Está prevista, no prazo de dois anos, a reciclagem de pelo menos 30% do total de lubrificantes comercializado no País, que no ano passado foi de 900 milhões de litros. O serviços de coleta de óleo, antes subsidiado pelo governo, é agora uma atribuição dos distribuidores, que serão responsáveis pelo destino final das substâncias.
"A ANP vem atuando como reguladora do setor e, agora, vai atuar também como fiscalizadora", disse o diretor-geral da agência, David Zylbersztajn. De acordo com ele, a medida será um exemplo para o controle do impacto sobre o meio ambiente em outras áreas de produção de energia.
O diretor do Greenpeace no Brasil, Roberto Kishinami, que participou do seminário , no qual foram apresentadas as portarias da ANP com a mudança - em vigor desde o início de outubro -, disse que a entidade está em "posição de espera" sobre a questão. "Queremos ver, efetivamente, qual o compromisso do setor produtivo frente à regulamentação." O dirigente acredita que a Lei de Crimes Ambientais vai ajudar no controle do despejo de resíduos poluentes.
"Aquele que causar impacto ambiental pela utilização inadequada do óleo vai pagar por isso", afirmou Zylbersztajn, referindo-se à eventual aplicação de multas. "Mas nada vai adiantar se o cidadão não tiver consciência de sua parte", cobrou o diretor do Greenpeace. As portarias foram assinadas após a discussão de um acordo entre a ANP e os produtores de lubrificantes, que resultou na criação de grupos de trabalho para o acompanhamento do tema.

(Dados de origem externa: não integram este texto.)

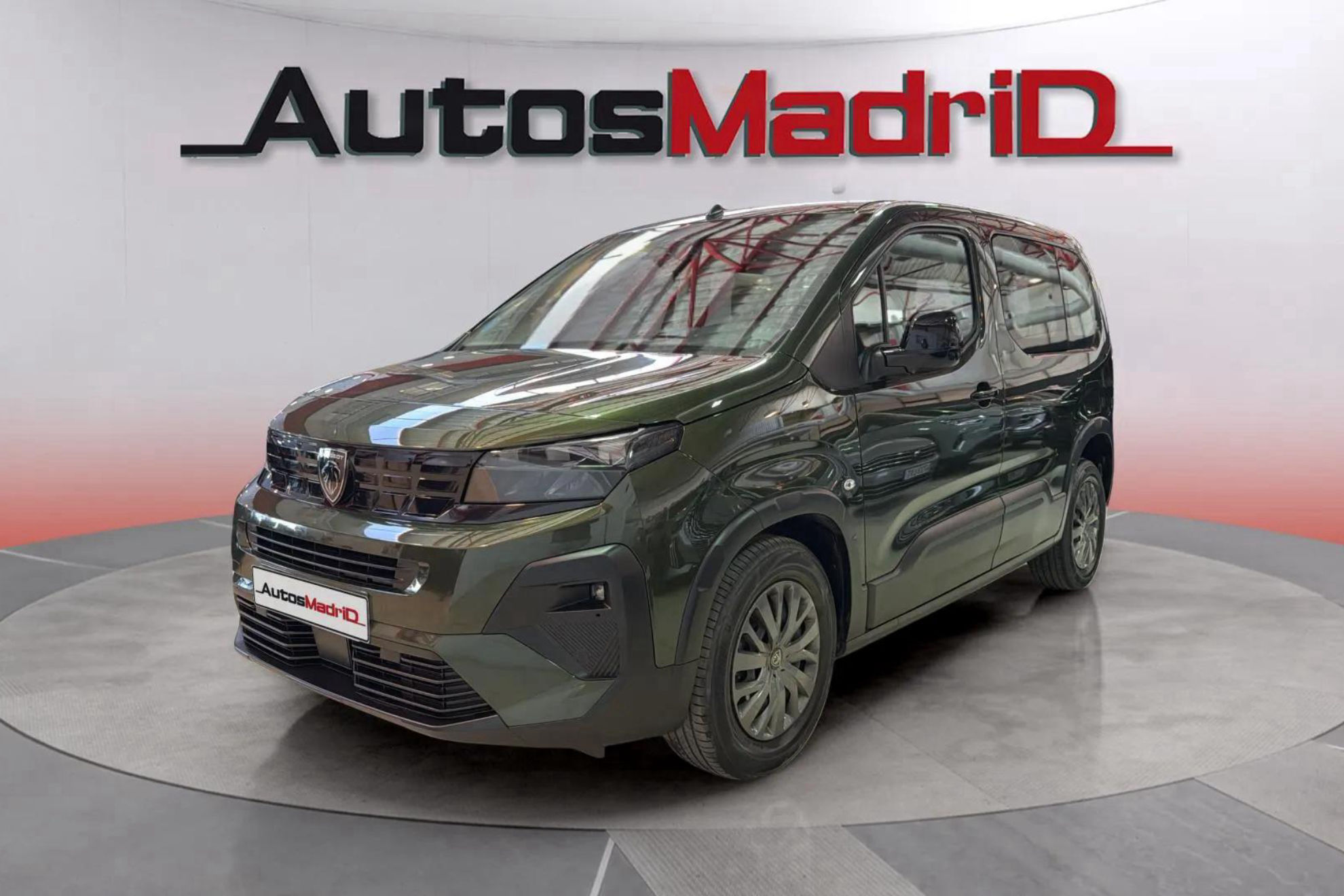 Peugeot Rifter Allure BlueHDi 100 Standard - foto 3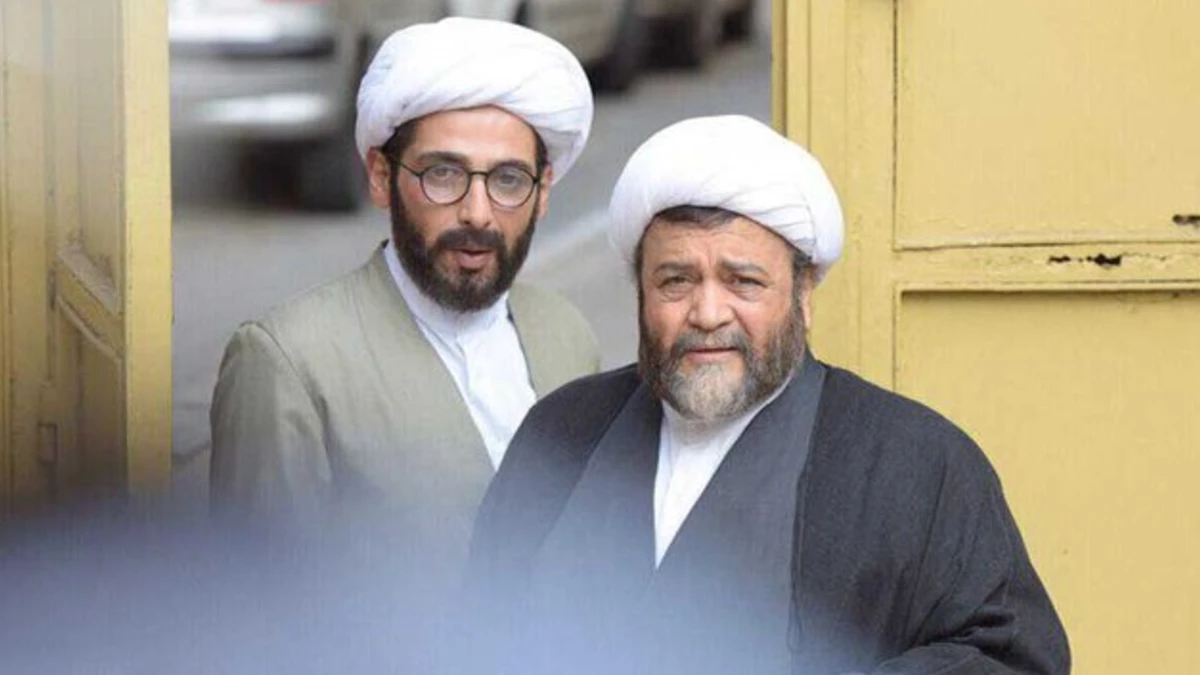خبر روز | اکران خصوصی فیلم «سلام علیکم حاج آقا» و چهره شکسته حمید گودرزی اکران خصوصی فیلم «سلام علیکم حاج آقا» و چهره شکسته حمید گودرزی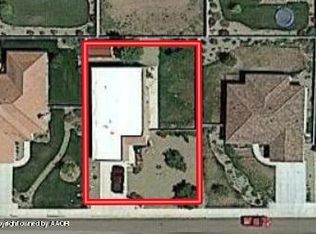 1104 Pinot Blvd, Amarillo, TX 79124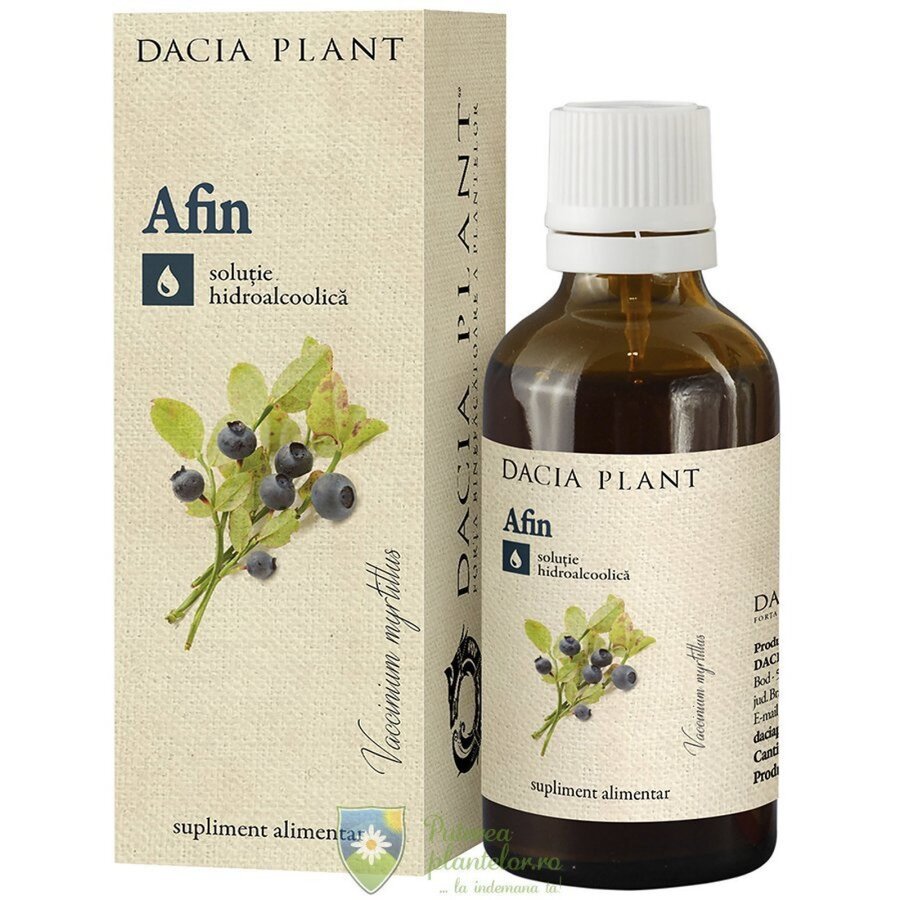 Afin tinctura 50 ml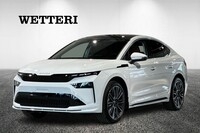heti ajoon Skoda Enyaq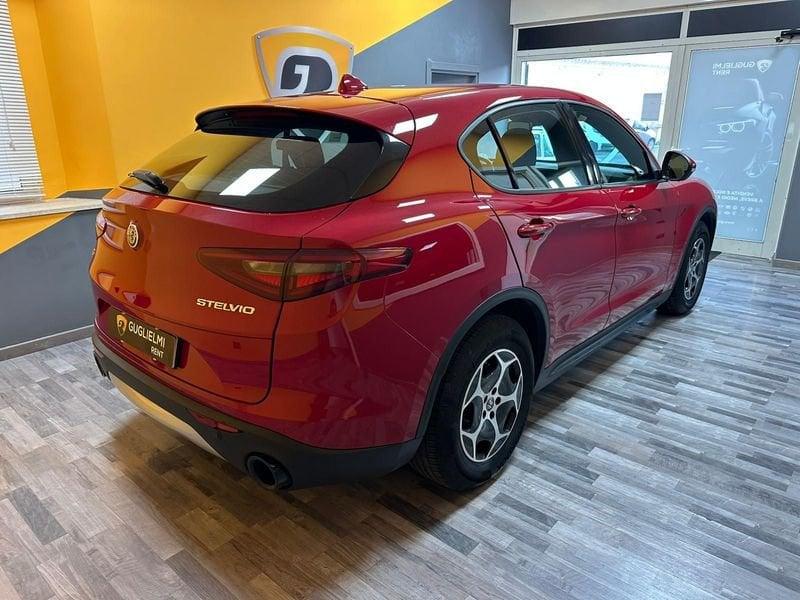 Alfa Romeo Stelvio 2.2 TD 190 CV Super Business AT8 Q4 PREZZO VERO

Indústria - Para o presidente do Sindicato Nacional da Indústrias de Rerrefino, Nilton Bastos, o maior desafio é organização da coleta no País. "É preciso aumentar o volume de coleta; esse é o nosso grande problema", disse ele. "Além do aspecto ambiental, estamos desperdiçando um produto nobre." O vice-presidente do Sindicato das Distribuidoras de Combustíveis (Sindicom), Antônio Alberti Neto, defendeu a criação de centros regionais de coleta para facilitar a fiscalização. Cerca de 50% do óleo comercializado se perde com o uso. O índice de 30% do volume total que ANP pretende reciclar nos próximos dois anos já é atingido por países como França e Alemanha, por exemplo.